**Assignment**
Transcribe the whole listing precisely, leaving nothing out.

**Dataset content**

····················

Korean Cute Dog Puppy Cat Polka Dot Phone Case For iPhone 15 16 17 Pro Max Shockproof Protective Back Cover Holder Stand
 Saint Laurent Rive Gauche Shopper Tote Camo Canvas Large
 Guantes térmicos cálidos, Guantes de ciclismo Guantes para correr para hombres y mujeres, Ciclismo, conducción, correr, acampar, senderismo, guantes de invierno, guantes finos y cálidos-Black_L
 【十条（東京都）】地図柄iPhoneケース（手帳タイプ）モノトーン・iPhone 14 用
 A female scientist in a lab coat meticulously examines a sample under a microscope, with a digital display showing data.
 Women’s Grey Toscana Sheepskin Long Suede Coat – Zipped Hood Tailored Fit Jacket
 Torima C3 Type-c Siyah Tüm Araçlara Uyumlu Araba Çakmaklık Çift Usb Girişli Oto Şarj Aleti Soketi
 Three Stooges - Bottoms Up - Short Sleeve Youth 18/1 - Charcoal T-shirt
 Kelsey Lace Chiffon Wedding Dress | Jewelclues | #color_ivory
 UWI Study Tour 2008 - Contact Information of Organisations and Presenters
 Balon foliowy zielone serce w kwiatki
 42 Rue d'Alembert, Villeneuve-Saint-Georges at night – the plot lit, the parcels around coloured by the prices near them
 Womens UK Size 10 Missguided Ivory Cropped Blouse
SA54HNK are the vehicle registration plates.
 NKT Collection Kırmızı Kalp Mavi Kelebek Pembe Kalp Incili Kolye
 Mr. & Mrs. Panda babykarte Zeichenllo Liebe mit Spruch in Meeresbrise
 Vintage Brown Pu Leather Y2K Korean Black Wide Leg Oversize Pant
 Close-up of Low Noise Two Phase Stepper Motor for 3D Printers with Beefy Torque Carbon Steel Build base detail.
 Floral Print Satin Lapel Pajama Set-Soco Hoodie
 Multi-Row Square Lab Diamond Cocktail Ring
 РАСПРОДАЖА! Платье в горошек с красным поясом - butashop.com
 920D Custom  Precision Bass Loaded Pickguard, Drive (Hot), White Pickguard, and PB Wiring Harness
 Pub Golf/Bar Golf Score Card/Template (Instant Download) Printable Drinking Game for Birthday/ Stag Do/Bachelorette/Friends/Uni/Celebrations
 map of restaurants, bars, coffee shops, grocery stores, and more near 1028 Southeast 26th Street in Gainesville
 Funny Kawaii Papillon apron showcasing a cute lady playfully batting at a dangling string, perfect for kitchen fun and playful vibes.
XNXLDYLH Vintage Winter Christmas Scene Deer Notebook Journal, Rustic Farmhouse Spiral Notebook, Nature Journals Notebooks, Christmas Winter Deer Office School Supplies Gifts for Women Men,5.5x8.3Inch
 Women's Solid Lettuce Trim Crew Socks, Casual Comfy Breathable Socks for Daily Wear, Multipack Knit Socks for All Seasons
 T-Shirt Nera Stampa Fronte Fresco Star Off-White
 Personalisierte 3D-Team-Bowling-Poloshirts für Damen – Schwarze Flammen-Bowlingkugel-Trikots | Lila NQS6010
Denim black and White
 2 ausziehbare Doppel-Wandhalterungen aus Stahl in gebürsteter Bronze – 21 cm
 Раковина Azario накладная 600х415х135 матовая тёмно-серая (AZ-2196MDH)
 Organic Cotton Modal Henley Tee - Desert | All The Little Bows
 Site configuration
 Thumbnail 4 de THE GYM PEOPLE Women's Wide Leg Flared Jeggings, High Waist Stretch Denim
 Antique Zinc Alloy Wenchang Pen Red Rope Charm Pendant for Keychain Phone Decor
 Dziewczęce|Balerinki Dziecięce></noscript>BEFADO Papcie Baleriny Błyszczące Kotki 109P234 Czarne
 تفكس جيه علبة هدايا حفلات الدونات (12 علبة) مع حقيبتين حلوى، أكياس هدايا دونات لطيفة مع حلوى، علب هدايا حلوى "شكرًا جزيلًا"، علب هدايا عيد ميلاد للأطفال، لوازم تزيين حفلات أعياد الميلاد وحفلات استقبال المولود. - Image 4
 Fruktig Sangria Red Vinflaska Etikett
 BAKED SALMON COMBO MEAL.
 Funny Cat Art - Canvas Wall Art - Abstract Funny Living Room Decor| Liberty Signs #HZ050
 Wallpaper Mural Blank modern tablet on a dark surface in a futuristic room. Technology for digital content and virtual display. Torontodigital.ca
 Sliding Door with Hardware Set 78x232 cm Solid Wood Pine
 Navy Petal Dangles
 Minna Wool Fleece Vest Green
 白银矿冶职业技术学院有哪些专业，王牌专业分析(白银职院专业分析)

····················

**Task solution**
Korean Cute Dog Puppy Cat Polka Dot Phone Case For iPhone 15 16 17 Pro Max Shockproof Protective Back Cover Holder Stand
 Saint Laurent Rive Gauche Shopper Tote Camo Canvas Large
 Guantes térmicos cálidos, Guantes de ciclismo Guantes para correr para hombres y mujeres, Ciclismo, conducción, correr, acampar, senderismo, guantes de invierno, guantes finos y cálidos-Black_L
 【十条（東京都）】地図柄iPhoneケース（手帳タイプ）モノトーン・iPhone 14 用
 A female scientist in a lab coat meticulously examines a sample under a microscope, with a digital display showing data.
 Women’s Grey Toscana Sheepskin Long Suede Coat – Zipped Hood Tailored Fit Jacket
 Torima C3 Type-c Siyah Tüm Araçlara Uyumlu Araba Çakmaklık Çift Usb Girişli Oto Şarj Aleti Soketi
 Three Stooges - Bottoms Up - Short Sleeve Youth 18/1 - Charcoal T-shirt
 Kelsey Lace Chiffon Wedding Dress | Jewelclues | #color_ivory
 UWI Study Tour 2008 - Contact Information of Organisations and Presenters
 Balon foliowy zielone serce w kwiatki
 42 Rue d'Alembert, Villeneuve-Saint-Georges at night – the plot lit, the parcels around coloured by the prices near them
 Womens UK Size 10 Missguided Ivory Cropped Blouse
SA54HNK are the vehicle registration plates.
 NKT Collection Kırmızı Kalp Mavi Kelebek Pembe Kalp Incili Kolye
 Mr. & Mrs. Panda babykarte Zeichenllo Liebe mit Spruch in Meeresbrise
 Vintage Brown Pu Leather Y2K Korean Black Wide Leg Oversize Pant
 Close-up of Low Noise Two Phase Stepper Motor for 3D Printers with Beefy Torque Carbon Steel Build base detail.
 Floral Print Satin Lapel Pajama Set-Soco Hoodie
 Multi-Row Square Lab Diamond Cocktail Ring
 РАСПРОДАЖА! Платье в горошек с красным поясом - butashop.com
 920D Custom  Precision Bass Loaded Pickguard, Drive (Hot), White Pickguard, and PB Wiring Harness
 Pub Golf/Bar Golf Score Card/Template (Instant Download) Printable Drinking Game for Birthday/ Stag Do/Bachelorette/Friends/Uni/Celebrations
 map of restaurants, bars, coffee shops, grocery stores, and more near 1028 Southeast 26th Street in Gainesville
 Funny Kawaii Papillon apron showcasing a cute lady playfully batting at a dangling string, perfect for kitchen fun and playful vibes.
XNXLDYLH Vintage Winter Christmas Scene Deer Notebook Journal, Rustic Farmhouse Spiral Notebook, Nature Journals Notebooks, Christmas Winter Deer Office School Supplies Gifts for Women Men,5.5x8.3Inch
 Women's Solid Lettuce Trim Crew Socks, Casual Comfy Breathable Socks for Daily Wear, Multipack Knit Socks for All Seasons
 T-Shirt Nera Stampa Fronte Fresco Star Off-White
 Personalisierte 3D-Team-Bowling-Poloshirts für Damen – Schwarze Flammen-Bowlingkugel-Trikots | Lila NQS6010
Denim black and White
 2 ausziehbare Doppel-Wandhalterungen aus Stahl in gebürsteter Bronze – 21 cm
 Раковина Azario накладная 600х415х135 матовая тёмно-серая (AZ-2196MDH)
 Organic Cotton Modal Henley Tee - Desert | All The Little Bows
 Site configuration
 Thumbnail 4 de THE GYM PEOPLE Women's Wide Leg Flared Jeggings, High Waist Stretch Denim
 Antique Zinc Alloy Wenchang Pen Red Rope Charm Pendant for Keychain Phone Decor
 Dziewczęce|Balerinki Dziecięce></noscript>BEFADO Papcie Baleriny Błyszczące Kotki 109P234 Czarne
 تفكس جيه علبة هدايا حفلات الدونات (12 علبة) مع حقيبتين حلوى، أكياس هدايا دونات لطيفة مع حلوى، علب هدايا حلوى "شكرًا جزيلًا"، علب هدايا عيد ميلاد للأطفال، لوازم تزيين حفلات أعياد الميلاد وحفلات استقبال المولود. - Image 4
 Fruktig Sangria Red Vinflaska Etikett
 BAKED SALMON COMBO MEAL.
 Funny Cat Art - Canvas Wall Art - Abstract Funny Living Room Decor| Liberty Signs #HZ050
 Wallpaper Mural Blank modern tablet on a dark surface in a futuristic room. Technology for digital content and virtual display. Torontodigital.ca
 Sliding Door with Hardware Set 78x232 cm Solid Wood Pine
 Navy Petal Dangles
 Minna Wool Fleece Vest Green
 白银矿冶职业技术学院有哪些专业，王牌专业分析(白银职院专业分析)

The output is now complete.